Mel frequency cepstral coefficients (MFCCs), linear prediction coefficients (LPCs), linear prediction cepstral coefficients (LPCCs), line spectral frequencies (LSFs), discrete wavelet transform (DWT)
[3][4], and perceptual linear prediction (PLP) are speech feature extractions commonly used in speaker recognition as well as speaker spoofing identification
[5]. A wavelet transform was used to obtain spectral features, and these features were integrated with convolution neural network (CNN)’s spatial features in Reference
[6] for ECG classification. In Reference
[7], the authors analyzed a 6–8 kHz high-frequency subband using CQCC features to investigate re-recording distortion. To record the distortions caused by the playback device, Singh et al.
[8] derived the MFCC from the residual signal. A low-frequency frame-wise normalization in the (constant Q transform) CQT domain was suggested in Reference
[9] to capture the playback speech artifacts. Deep feature-utilizing neural networks have also been studied for the recognition of playback speech in addition to these manually created elements. For instance, Siamese-embedded spectrogram and group delay were employed to teach deep features to the CNN
[10]. However, feature extraction is highly dependent on DNN training, and it might be difficult to generalize it to ASV tasks that are performed outside of their intended domain.
The speech signal is processed in a ten-millisecond time frame without overlapping for future extraction from the speech. The speech signal is cleaved into two zones: the silent and speech zones. An area with low energy and an excessive zero-crossing rate is considered a silent zone, and an area with high energy is regarded as a speech zone. Huang and Pun
[11] experimented with the same person’s genuine and spoofed speech signals using a replay attack.
Figure 1 shows the actual and replayed speech signal, and it is observed that there is a difference in the silent segment shown in the red box. Thus, the use of a silent zone with a high-frequency region can discriminate the spoofed speech easily. A precise recording system is required for a replay attack. The background noise of a recording device is easily noticeable in a silent zone due to its low energy relative to a highly energized speech zone. However, finding a silent zone accurately is tricky. Therefore, the endpoint method of finding a zero-crossing rate and energy can be used to approximate the silent zone
[12]. By adjusting the threshold of the zero-crossing rate detection and short-term energy, a speech and silent zone can be judged systematically.

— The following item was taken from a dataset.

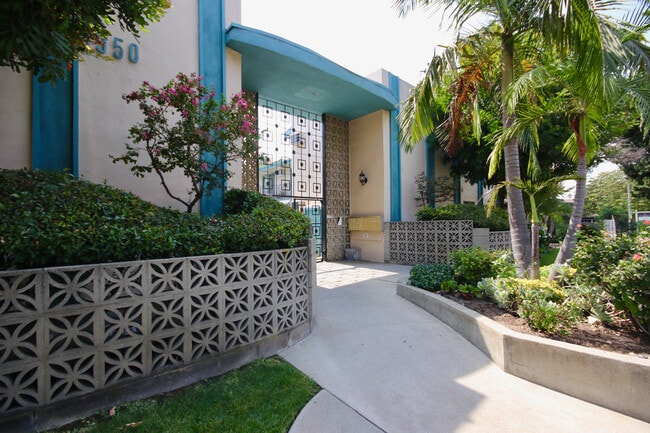 Building Photo - 1350 E Washington Blvd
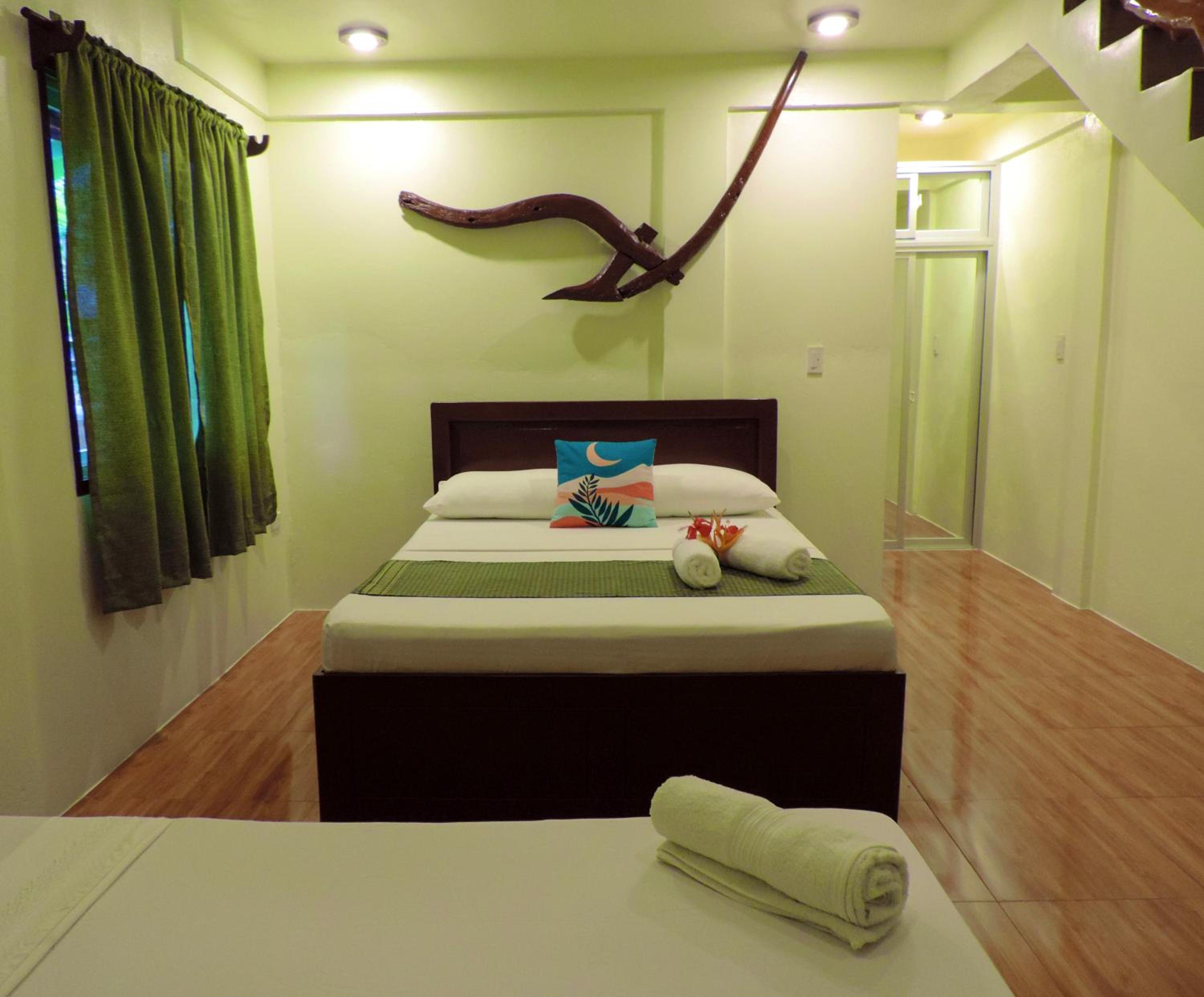 Family Room - Photo 36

Figure 1. Time-domain speech signal of the same person’s (upper) genuine waveform and (lower) spoofed waveform.
Although the MFCC and CQCC are considered reliable features, the classifier’s performance can be significantly improved by combining them with complementary features, which can be done at the feature or score level
[13]. Pitch, residual phase, and dialectical features are a few examples of complementary features. These complementary features, i.e., high pitch and corresponding phase, can easily be obtained at high frequencies
[14].
2. Genuine and Spoof Speech Signal Classification
Enormous studies on genuine and spoof speech signal classification have been proposed in past years. Major classification algorithms have two stages: a design of features extraction algorithm from the speech signal and a classifier to discriminate these features for speech classification. Many feature sets have been proposed with statistical and deep learning-based classifiers. A few widely used feature sets are as follows: Mel frequency cepstrum coefficients (MFCCs); inverse MFCCs (IMFCCs)
[15]; linear frequency cepstrum coefficients (LFCCs); constant Q cepstrum coefficients (CQCCs)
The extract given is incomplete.